◆ SOURCE DATA:
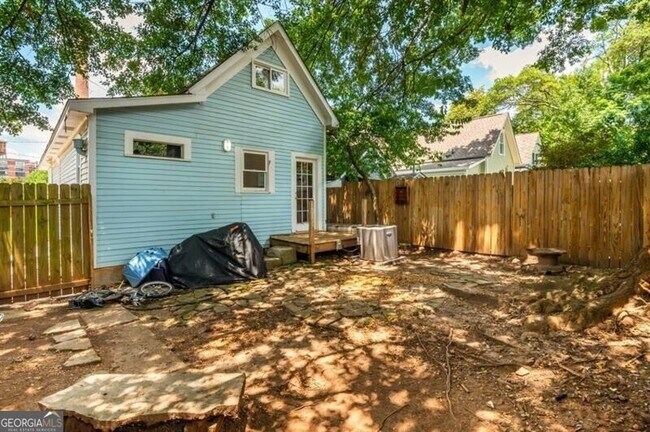 Building Photo - 154 Savannah St SE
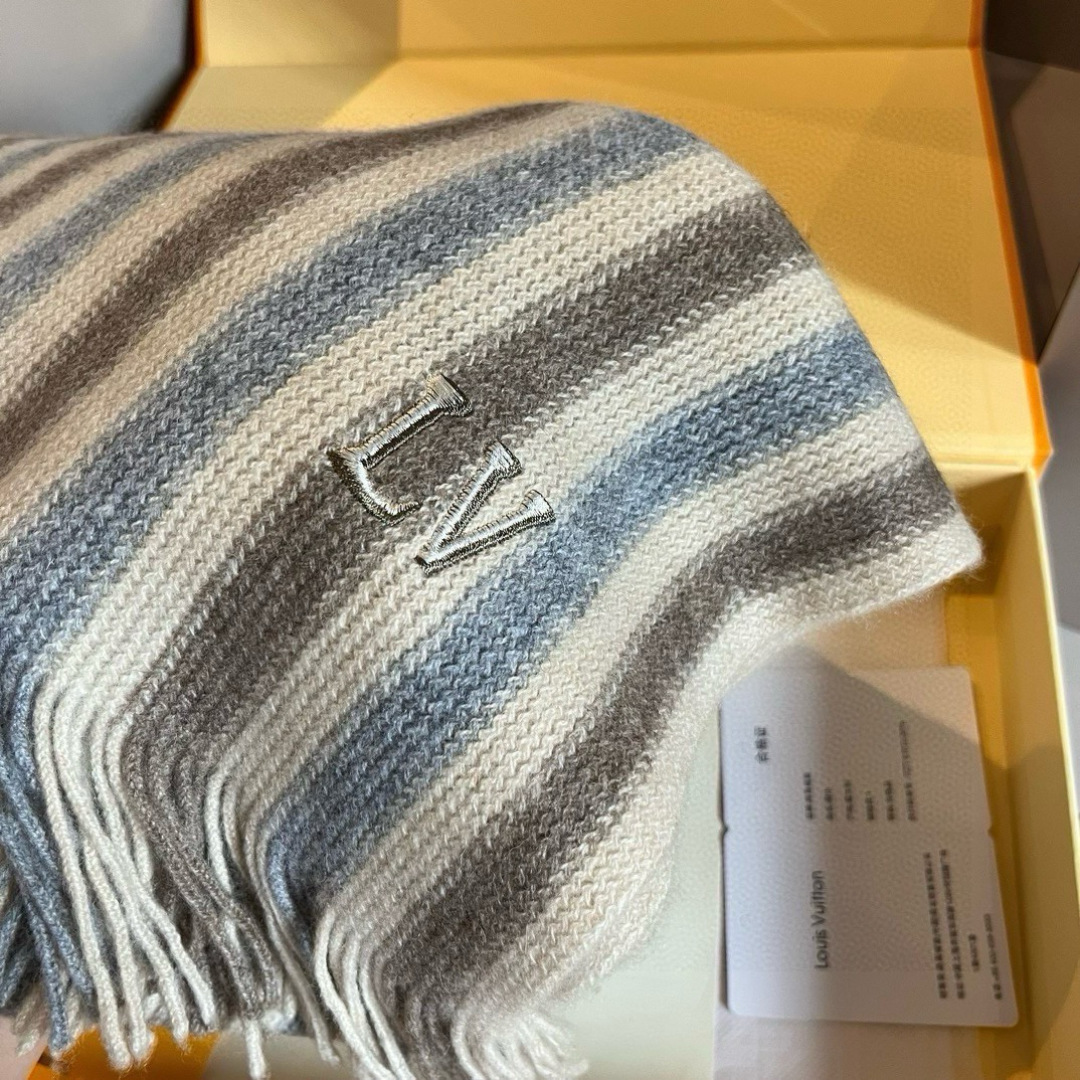 LV scarf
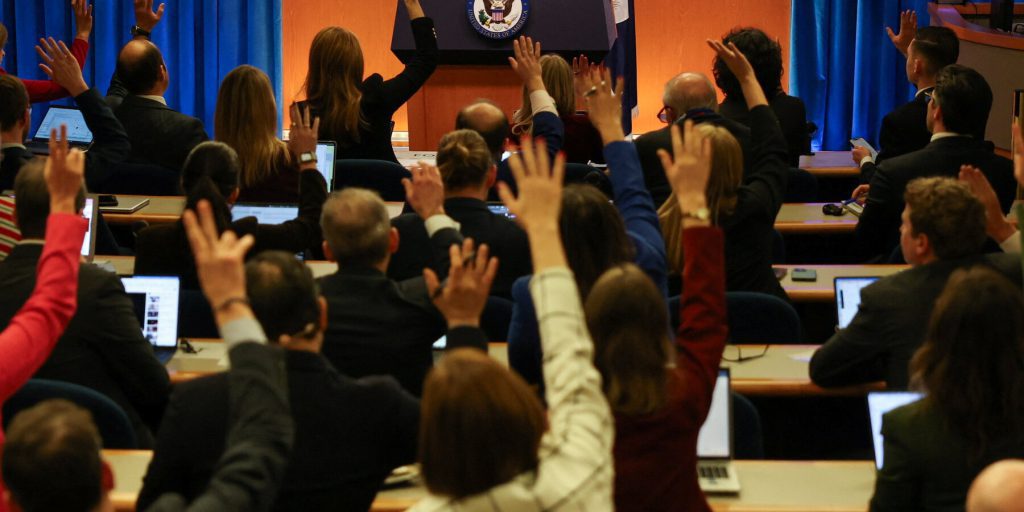 Rubio conduce una lunga conferenza stampa dimostrando rispetto verso i giornalisti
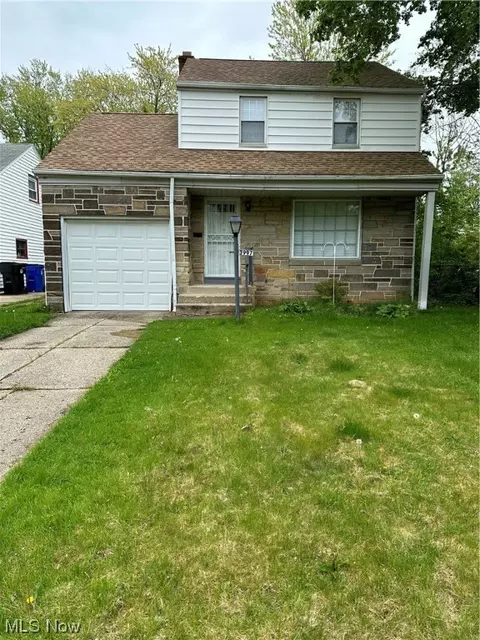 3997 Strandhill Rd, Cleveland, OH 44128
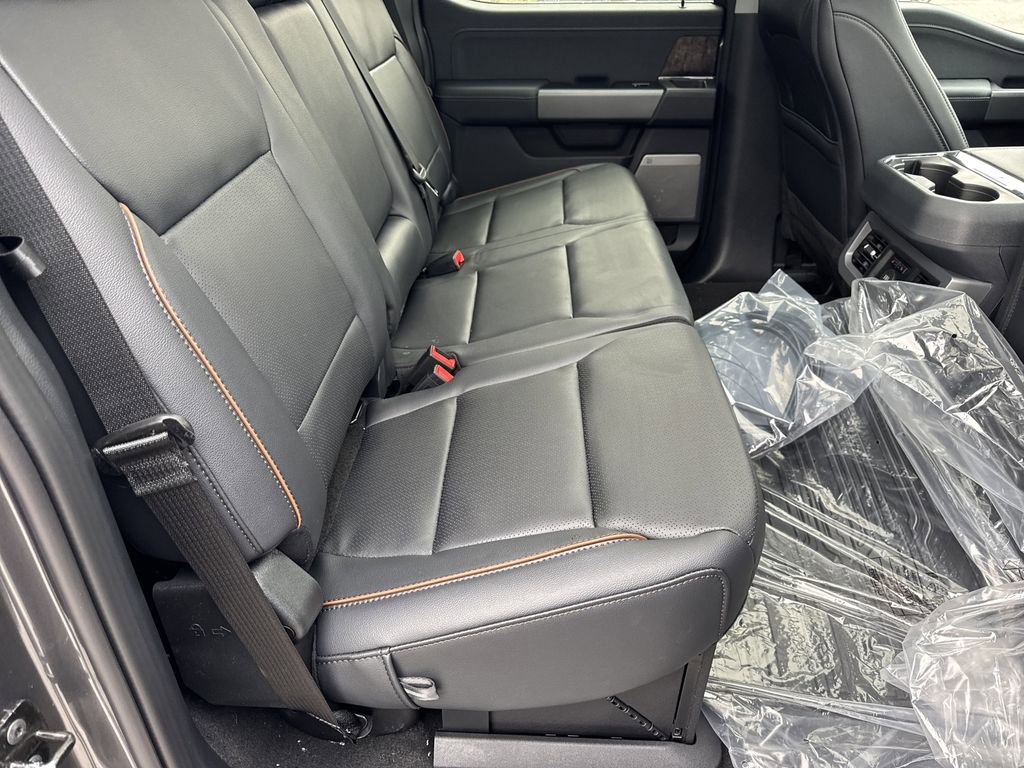 New 2026 Ford F350 Lariat w/ Black Appearance Package image 15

◆ WHAT IS EXPECTED:
In case the records contain pictures, keep those out and repeat the rest exactly.

◆ SOLUTION BELOW:
 Building Photo - 154 Savannah St SE
 LV scarf
 Rubio conduce una lunga conferenza stampa dimostrando rispetto verso i giornalisti
 3997 Strandhill Rd, Cleveland, OH 44128
 New 2026 Ford F350 Lariat w/ Black Appearance Package image 15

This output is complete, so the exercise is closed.